Mercy on the Cheap

Rembrandt. The Prodigal Son in the Tavern, 1635.

Latin Mass Magazine – Summer 2015

Ah, Mercy! To the fallen children of Adam and Eve it is sheer music to our ears. Only mercy moved God to rush to the assistance of men who believe they have no need of His attention. In the old rite of admission for Trappists the prior asks of the candidate, “Why do you come here?” to which he responds, “For the mercy of God”. Of its very nature, mercy assumes in the recipient a depth of need, almost a gulf, which separates him from Him Who bestows the mercy. Thus mercy requires both truth and humility in the recipient. Truth in recognizing the defect which begs for mercy, and humility which compels the recipient to plead for a gift he neither deserves or can possibly earn for himself. Mercy is at the heart of our holy religion because in God’s infinite love He sends His Only Begotten Son to salvage man from his miserable condition. Such a Divine Condescension is utterly undeserved, and hence all the sweeter. So it is that Mother Church exclaims in the Exsultet on Easter Vigil, “O Felix Culpa” (O Happy Fault!) It is man’s awful sin that has moved the pity of God not merely to aid sinful men, but to bring pallid aid to the heights of dizzying extravagance.
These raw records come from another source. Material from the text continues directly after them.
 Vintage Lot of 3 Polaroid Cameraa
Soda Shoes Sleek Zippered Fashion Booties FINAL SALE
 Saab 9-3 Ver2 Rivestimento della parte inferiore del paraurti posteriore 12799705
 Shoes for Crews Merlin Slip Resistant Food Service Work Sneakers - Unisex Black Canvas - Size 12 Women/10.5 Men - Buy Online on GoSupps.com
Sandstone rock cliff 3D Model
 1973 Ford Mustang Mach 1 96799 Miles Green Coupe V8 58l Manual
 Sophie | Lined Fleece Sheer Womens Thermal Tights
The Savior exhibits this lavish mercy in every corner of the Holy Scriptures. He has pity on the multitude for He saw they were hungry (Mt. 9:36). He leaves the ninety-nine sheep in search of the one who is lost (Lk. 15:4). The Good Samaritan pities the wounded man and supplies all that is necessary for his recovery (Lk. 10:33). The Father rejoices in his prodigal son “who was lost, and now is found” (Lk. 15:32). Each time we read any of these passages we are startled. The extremes of such love are unsettling, defy comprehension, and invite incredulity. So Graham Greene rightly speaks of God’s mercy as “strange”. Only because it upends the conventional categories of human measurement. Divine Mercy stretches ordinary reason beyond its ability for sober assessment. Isn’t is this which provokes the Magdalene to “wash Christ’s feet with her tears”? (Lk. 7:38). God’s mercy shocks. It leaves sinful man flummoxed. His normal steps are thrown off, and all the old certainties collapse before the stunning mercy of God.
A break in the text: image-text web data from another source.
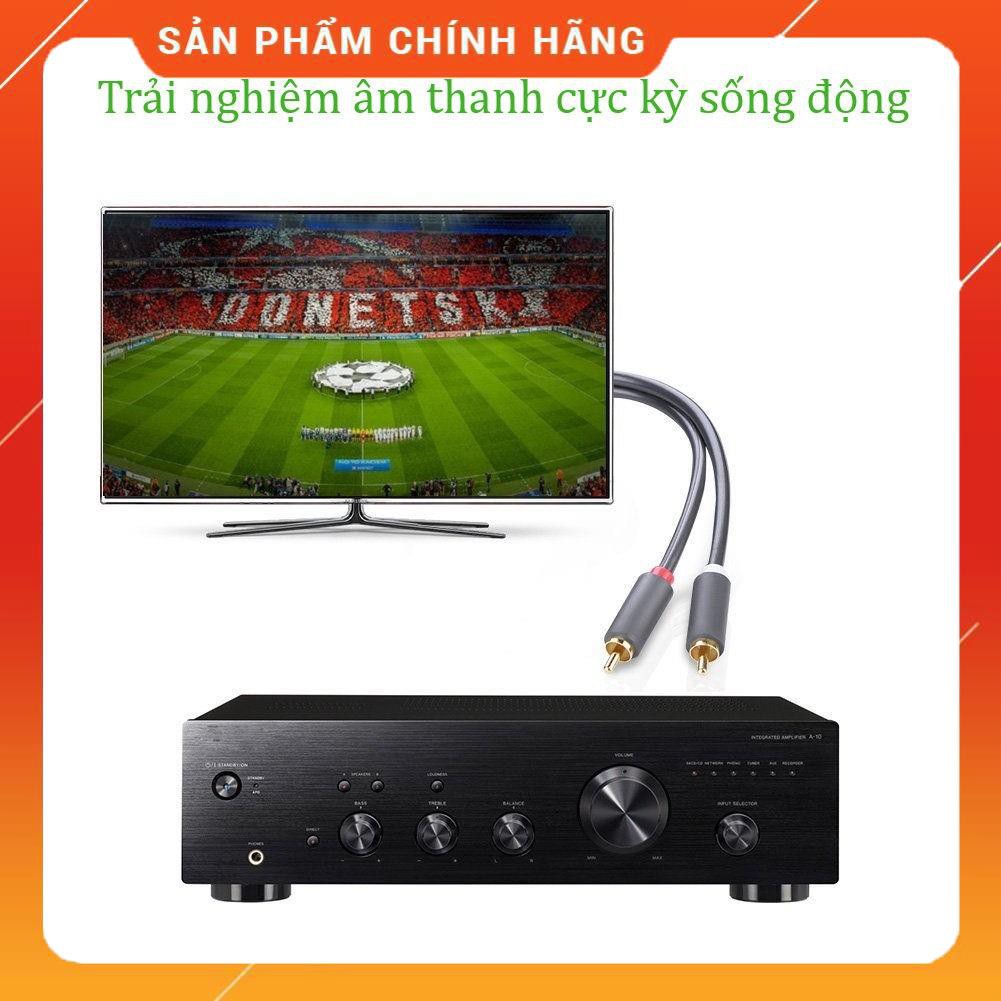 Cáp Audio 2 đầu RCA (hoa sen) chính hãng UGREEN AV104 (Đen) dailyphukien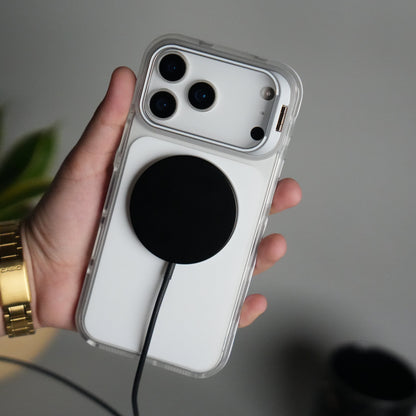 iPhone 17 Pro MagSafe Case with Metal Camera Stand | Slim & Shockproof Protection
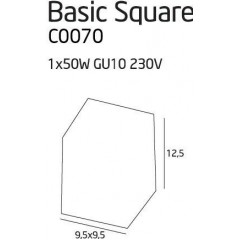 Точковий накладний світильник Maxlight C0071 Basic Square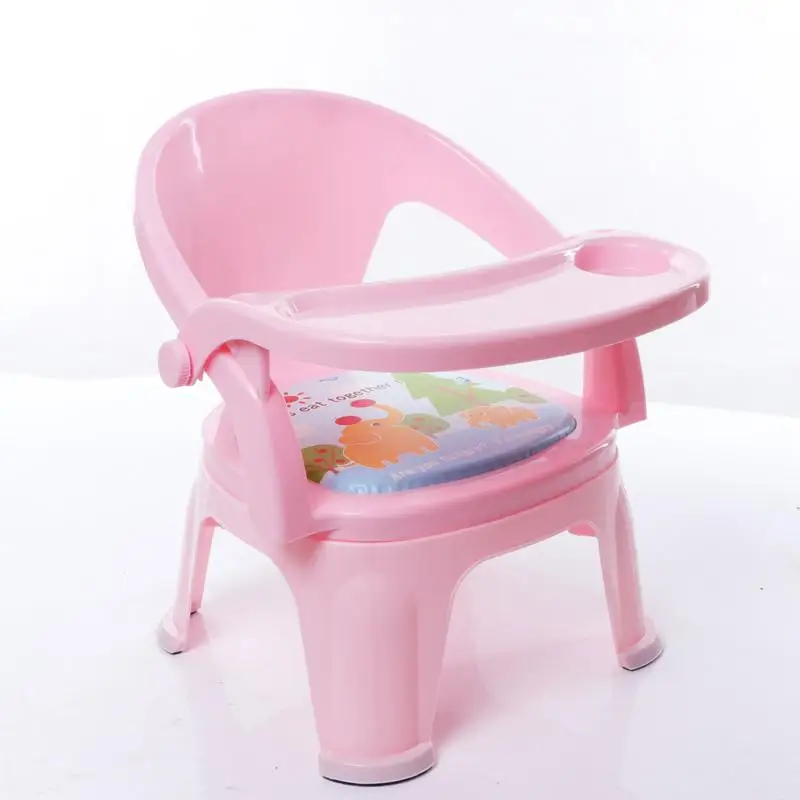 Детский обеденный стул называется стул с тарелкой лоток Детские ест стол дети стул стол назад детские пластиковые - Цвет: style 9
Elation at the Divine Mercy warrants some caution. It should not lead to swoons but to steadiness. It shouldn’t sweep us off our feet, but place our feet more securely on firm ground. It would be a serious affront to Divine Goodness to think that His mercy is a no-fault proposition: God gives, man merely takes. Unfortunately the secular mood of our times has forced such thinking into the retail consumption of more than a few. Without the presence of both truth and humility, mercy curdles. It becomes trafficking, for trafficking is the callous indifference to the worth of the person for the sake of mercenary profit. It cheapens a glimmer of the Divine Beauty into a worthless knockoff. It becomes a replay of the Israelite worship of the Golden Calf: Impatience with the efforts necessary to win the Divine outpouring threw the Jews into a frenzy of bloated self-indulgence, all the while calling it religion.
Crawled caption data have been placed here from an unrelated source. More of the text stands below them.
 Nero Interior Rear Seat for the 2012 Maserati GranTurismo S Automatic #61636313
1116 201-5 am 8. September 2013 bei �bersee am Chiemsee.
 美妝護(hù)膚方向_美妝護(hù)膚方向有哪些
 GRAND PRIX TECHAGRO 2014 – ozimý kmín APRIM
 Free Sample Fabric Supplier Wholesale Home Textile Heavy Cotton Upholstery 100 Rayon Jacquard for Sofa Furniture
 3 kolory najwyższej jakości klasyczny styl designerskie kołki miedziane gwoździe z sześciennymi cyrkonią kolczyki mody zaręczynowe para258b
God extends His mercy to sinners only after there is evidence of a turning of the will. Truth is necessary in this terrible encounter of man and God. For this reception of Divine Mercy, God expects human conformity to His will. Or at least its sincere beginnings. All that is necessary for the Father of the Prodigal Son is to see his son running toward him from afar. It must not be presumed that the Prodigal Son changed overnight. No sinner does. God does not expect that. Overnight conversions are always highly suspect. Just as natural things grow ever so slowly, making changes imperceptible step by imperceptible step, similarly with man. God knows this, because He designed us that way. All natural things operate according to the laws of nature. Trouble surfaces when thinking ourselves above these laws of our nature. Even with the assistance of Divine Grace, the changes are glacially slow. Grace is not amazing, despite what many Catholics these days shout from the top of their lungs (even, I fear, in the very presence of the Divinity). Grace is supernatural. As Saint Thomas teaches us, gratia perfecit naturam (grace builds upon nature); it neither destroys it, replaces it, or transcends it. Grace moves us according to the nature of the thing being moved. Just as the sun remains the same even as it produces different results in different things: scorches the earth, softens the flowers, and evinces green in the leaf, so it is with grace. Even though God is infinitely superior to any natural thing, God still respects the nature of natural things.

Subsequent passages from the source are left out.